Second, I really enjoy pottering around at home rather than planning day-outings. When the children were slightly younger, open days without plans usually resulted in me packing up a bag of snacks and drinks and loading up the kids into the car (or onto the LUAS our first year in Dublin) for an “adventure” of some sort. Sometimes, it was the park or the beach or a museum. Recently, our oldest at 10 years of age, told me that “wandering around” was really boring as he slumped defeated on the couch when I told him that we were going out for the day. I suppose the lovely European cafe culture was lost on the kids. But I understood what he was saying. That he wanted to relax after weeks of working hard at school and play some video games. Going on an educational trip to the local museum to wander around looking at exhibits and eating home-made peanut butter and jelly sandwiches was just as much work as school sometimes.
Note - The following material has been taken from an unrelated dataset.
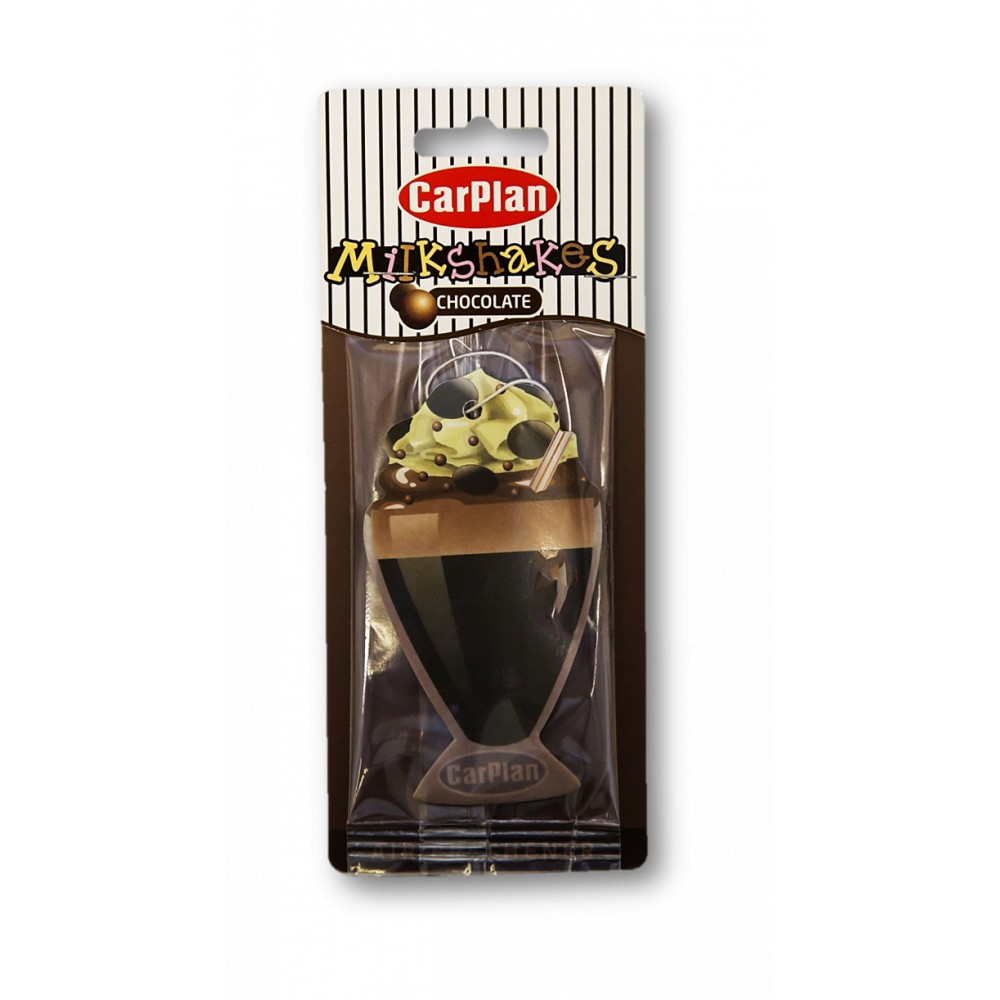 Image for CarPlan MCC001 Chocolate Milkshake Carde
I no longer insist on going out for the day and we now only go to activities that genuinely interest the kids. I prefer carefully planned excursions to be received with joy and elation. Groaning and flopping back and forth on the couch before slumping to the floor definitely hinder my planning mojo. Jason, however does like a good hike and he and our oldest child have enjoyed longer hikes and have explored trails around Seattle and the Dingle Peninsula. This mid-term break, I decided we try out a hike on Killiney Hill Park in Dalkey.
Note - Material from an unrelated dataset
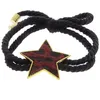 Image de La Boutique du Coiffeur - Elastique étoile léopard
Nestled in a residential area, Killiney Hill Park has a smallish car park at the top of a steep hill. I found out the hard way that it’s a one way loop and turned at the first row of cars only to find myself driving back down the hill. There were cars parked on the left along the edge of the lane, but I’m a little bit chicken when it comes to parallel parking on a steep hill with a manual. I can do it under duress, but on this occasion, we decided to drive back down to the main road and park along a quiet residential street and walk up.
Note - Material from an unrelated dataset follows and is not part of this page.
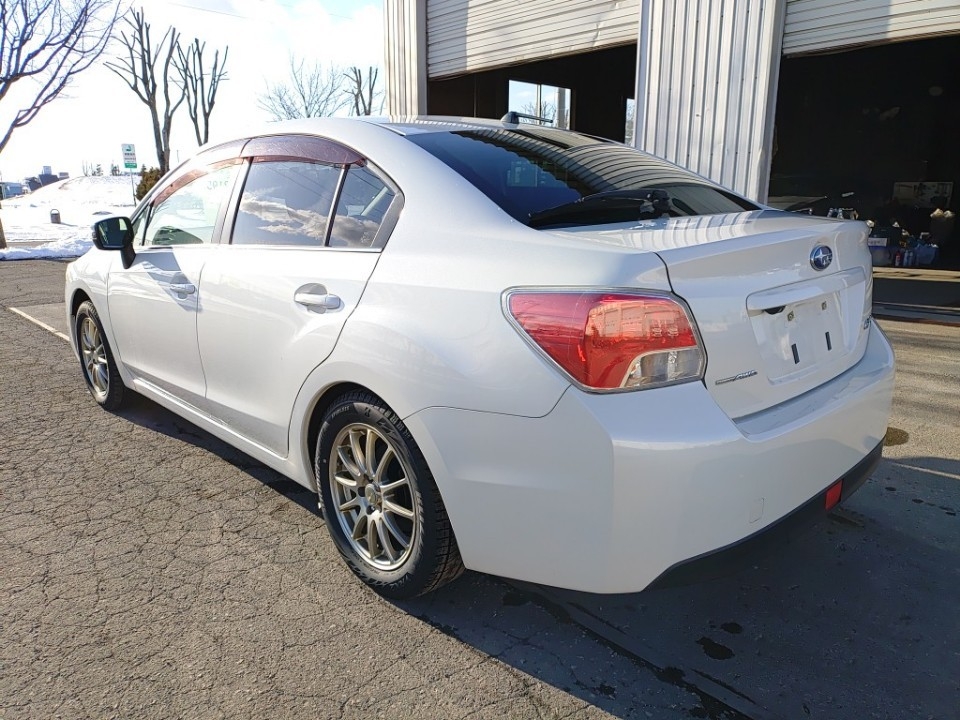 SUBARU IMPREZA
First observation of the footpath in front of the enormous mansions is that there was a lot of dog poo. A. Lot. Of. Poo. There was also a lot of dog poo. So, if you are considering a visit and have young children (toddlers to preschoolers especially), beware the poo. There was a lot of it. Everywhere. I’m just saying. Nothing ruins an excursion like falling or walking in some dog poo. Fortunately, after living in the Dublin city centre for a month, the children were used to walking with an eye to the path and looking for poo on the ground!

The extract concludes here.